On sonne à la porte. C’est le couillon. Monsieur Duchêne sert d’alibi pour les incartades de son soi-disant meilleur ami. Et voilà que ça sonne à nouveau! Au tour du cocu enragé de franchir le palier fusil de chasse à la main. L’excuse de la partie d’échecs à l’autre bout de la ville ne va pas tenir longtemps. L’épouse du meilleur ami va bientôt débarquer à son tour, sans oublier le cousin farfelu avec son pendule et ses improbables dons de guérisseur. Bienvenue dans "La mécanique du pétrin", vaudeville superlatif imaginé par la Compagnie Slalom.

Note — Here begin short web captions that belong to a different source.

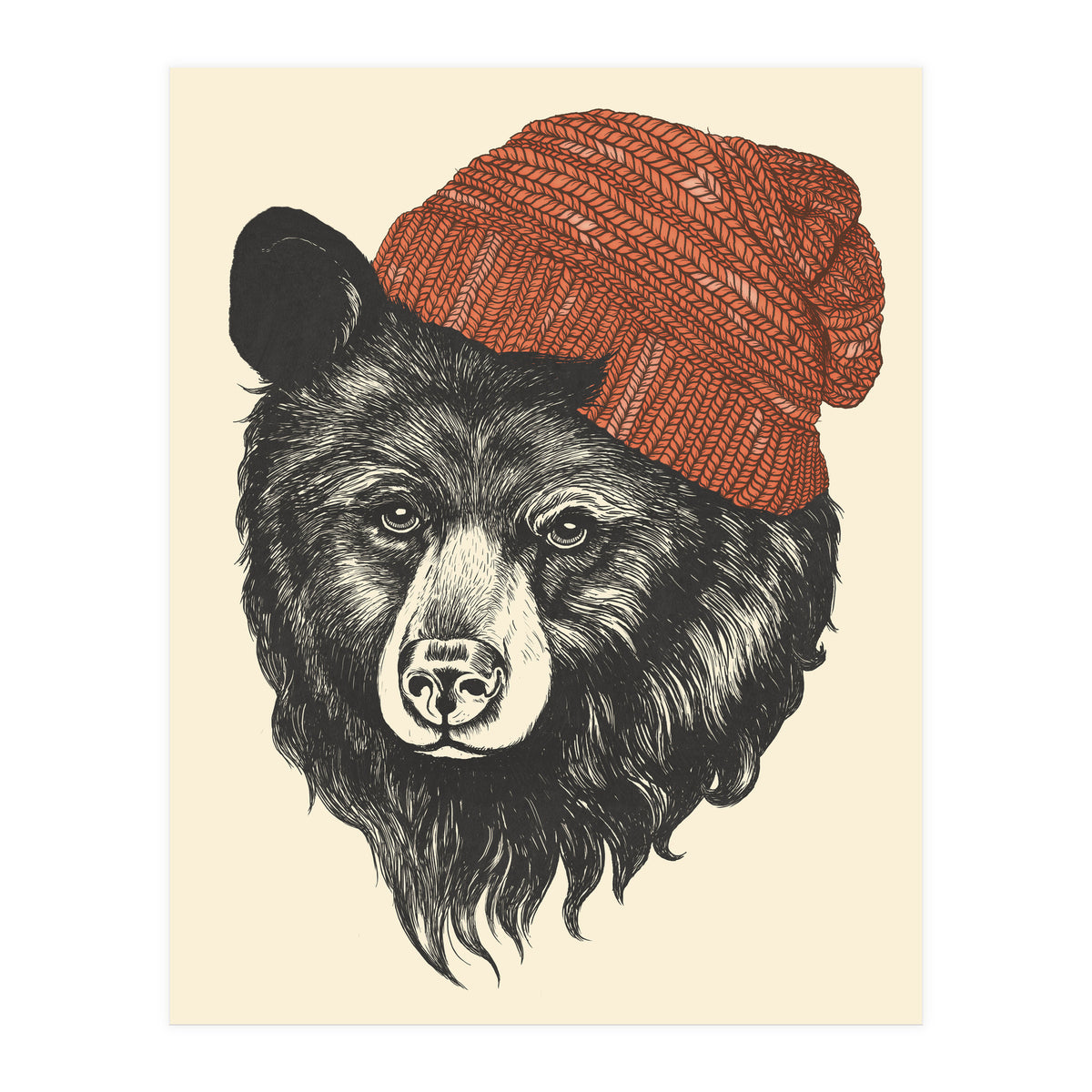 Zissou The Bear (Print Only)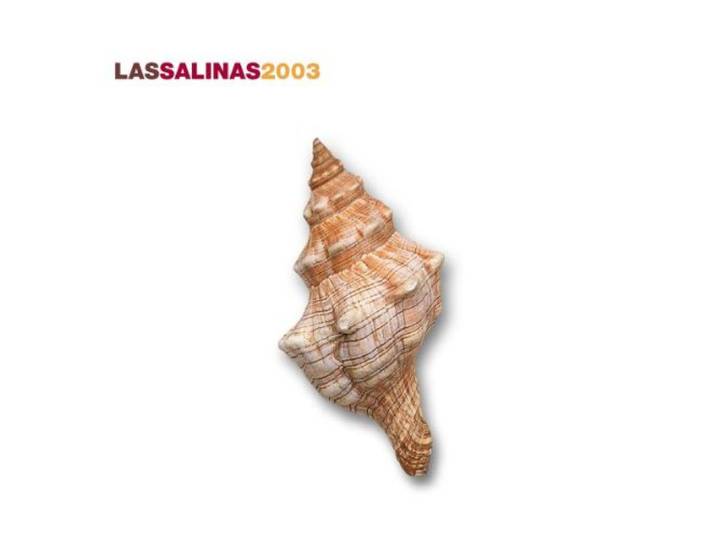 Las Salinas 2003
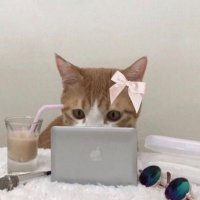 rina (@riinadoll) 's Twitter Profile Photo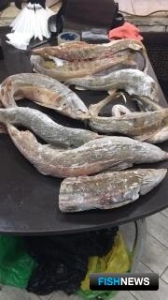 Браконьеры оказались на скамье подсудимых вместе с &laquo;крышей&raquo;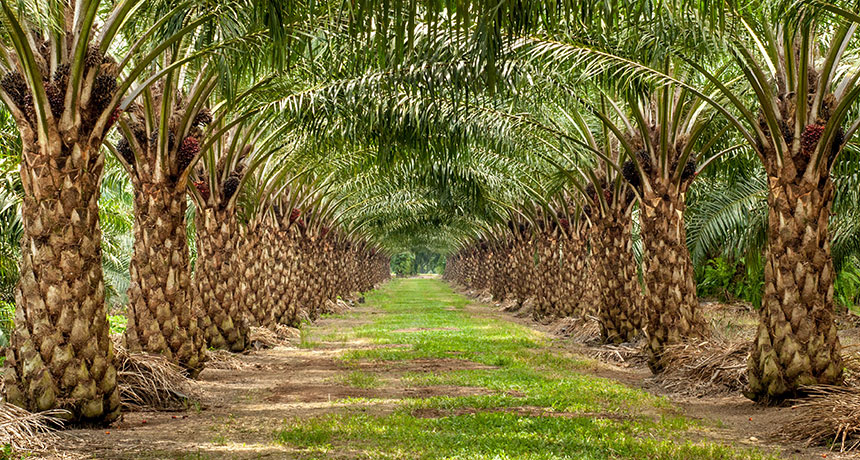 What decarbonising palm oil could look like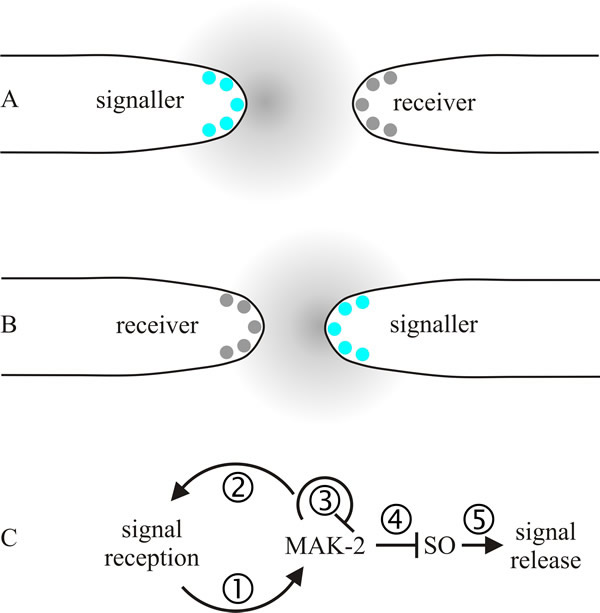 A model of self-signalling between hyphal tips of the same mycelium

Superlatif? "La mécanique du pétrin", c’est tout le répertoire de Georges Feydeau (1862-1921) passé à la moulinette. Feydeau? Il est le maître absolu du vaudeville, l’auteur de "La puce à l’oreille", "On purge bébé" ou encore "Un fil à la patte", autant de pièces de théâtres largement centenaires au pouvoir comique rarement égalé.
Un spectacle "à la manière de"
Dans la longue liste des œuvres du grand Georges, vous ne trouverez pas "La mécanique du pétrin". Dans ce spectacle millésimé 2023, tout ce que nous découvrons, entendons, voyons, est improvisé. Donc chaque soir est différent et chaque représentation plus improbable et hilarante.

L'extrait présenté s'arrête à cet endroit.